Of course, in between the losses,
in 2009 Lok Sabha polls, Congress did reasonably well winning 8 of the 13 Lok
Sabha seats when Singh was projected as the prime ministerial candidate of the
party. In that election, I remember visiting several constituencies in Punjab
and finding much to my surprise that the pictures of Manmohan Singh were much
bigger than that of the Congress president in the publicity material of the
party. Clearly, it paid electoral dividends.
Apart from the 2009 polls,
Congress has nothing to show in the State — facing a crisis of sorts with
bickering leaders and dejected workers not knowing how to take the Akalis head
on. Perhaps it requires an intense political and sociological study to find out
why the base of Congress has been continuously slipping in the State despite
Manmohan Singh taking over in Delhi
whom many say is the tallest living Sikh personality.
Interestingly, all this has
unfolded in the last decade or so even when you do not hear a word against the
Prime Minister even by his political opponents in Punjab .
No one in Shiromani Akali Dal or Punjab unit of BJP
speaks anything against Singh even though they go all out in their attack on
Congress President Sonia Gandhi and vice-president Rahul Gandhi.
In fact, Akali Dal treats Singh
reverentially and even when you talk to the leaders in private, they have good
words for the Prime Minister. Clearly the party delineates Singh and Congress
and absolves him of all the follies of the party of which government he heads
in New Delhi . Due to the
appropriation of Singh by the Akali Dal, at the grass roots level, the Akali
Dal projects the Prime Minister as one of its own.
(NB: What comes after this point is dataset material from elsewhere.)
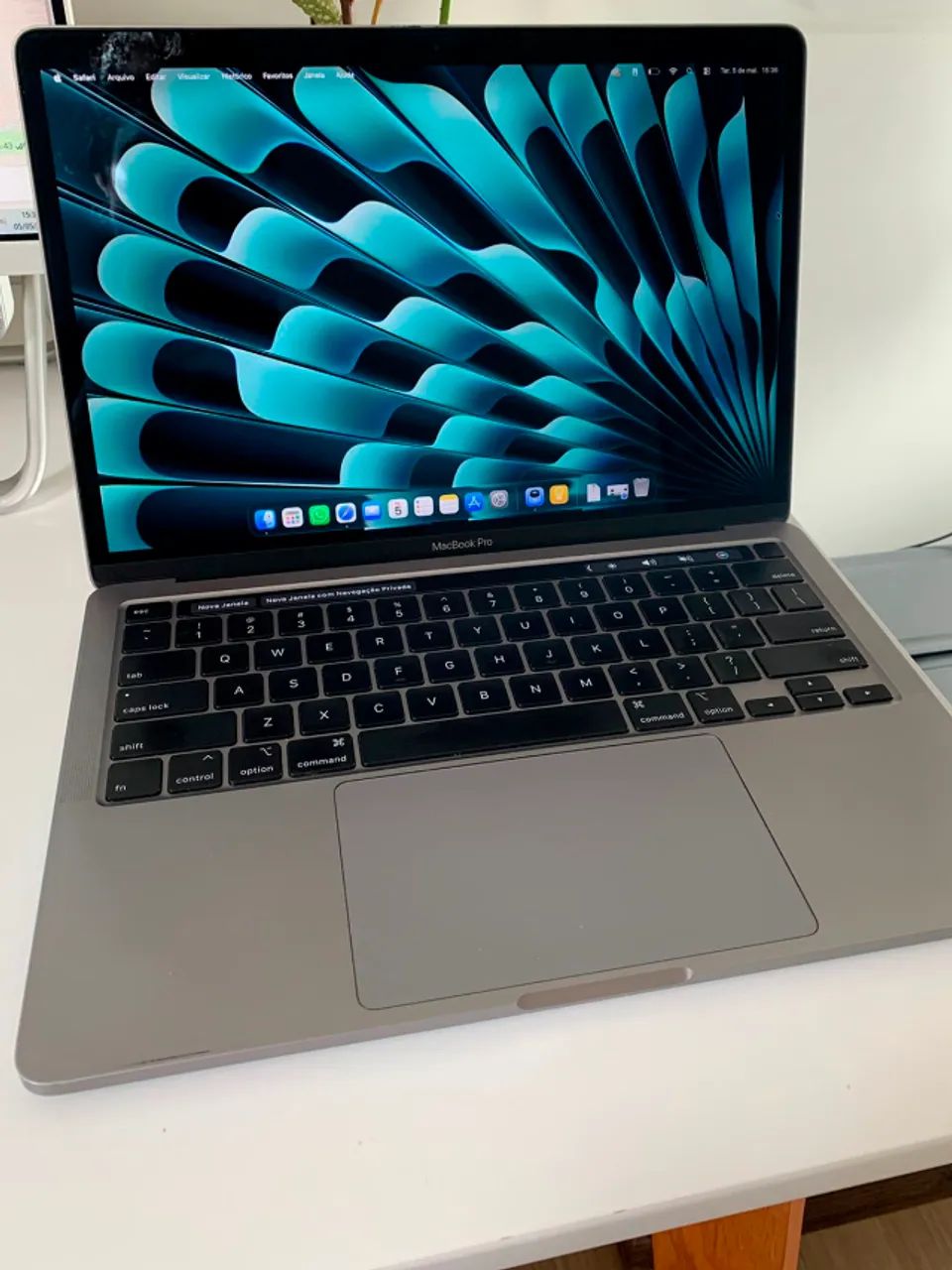 MacBook Pro 13インチ 2020 i7-16GB-512GB（319 MacBook Pro (13 polegadas, 2020, quatro portas Thunderbolt 3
No wonder, Chief Minister
Parkash Singh Badal rushes to meet the PM in Delhi
whenever the opportunity arises.
Even as the Akali Dal
appropriated Manmohan Singh as “one of its own”, Congress gradually started
disassociating from its own Prime Minister and now the party has practically
disowned him not only in Punjab but also elsewhere in
the country. Leave aside 2009, in
none of the polls thereafter Congress mentioned him in his home State nor did
the organisation ever refer to him as a towering leader from the State who made
it big nationally.
Even in the 2014 campaign, you
hear every issue under the sun — relevant or not — Operation Bluestar, Congress
Government’s role in storming the Golden Temple, 1984 anti-Sikh riots, the acts
of omission and commission of the Akalis, who did what and who stabbed whom in
the back etc. But strangely, Congress has so far desisted from using the name
of Manmohan Singh electorally. The party is yet to tell the electorate formally
that the first Sikh Prime Minister of the country was from the party and that
too for 10 years.
I still cannot comprehend why
Congress has completely detached itself with Manmohan Singh in Punjab
even though he has a groundswell of support as one Sikh who has made it big,
really big. If Congress disassociates with the legacy of Singh in the rest of
the country, and this is what the party under Rahul Gandhi is doing, it is
understandable. For a decade, he presided over an indecisive Government
incapable of taking an initiative, a regime of high ticket scams and leaves
nothing as a lasting legacy for the people of the country.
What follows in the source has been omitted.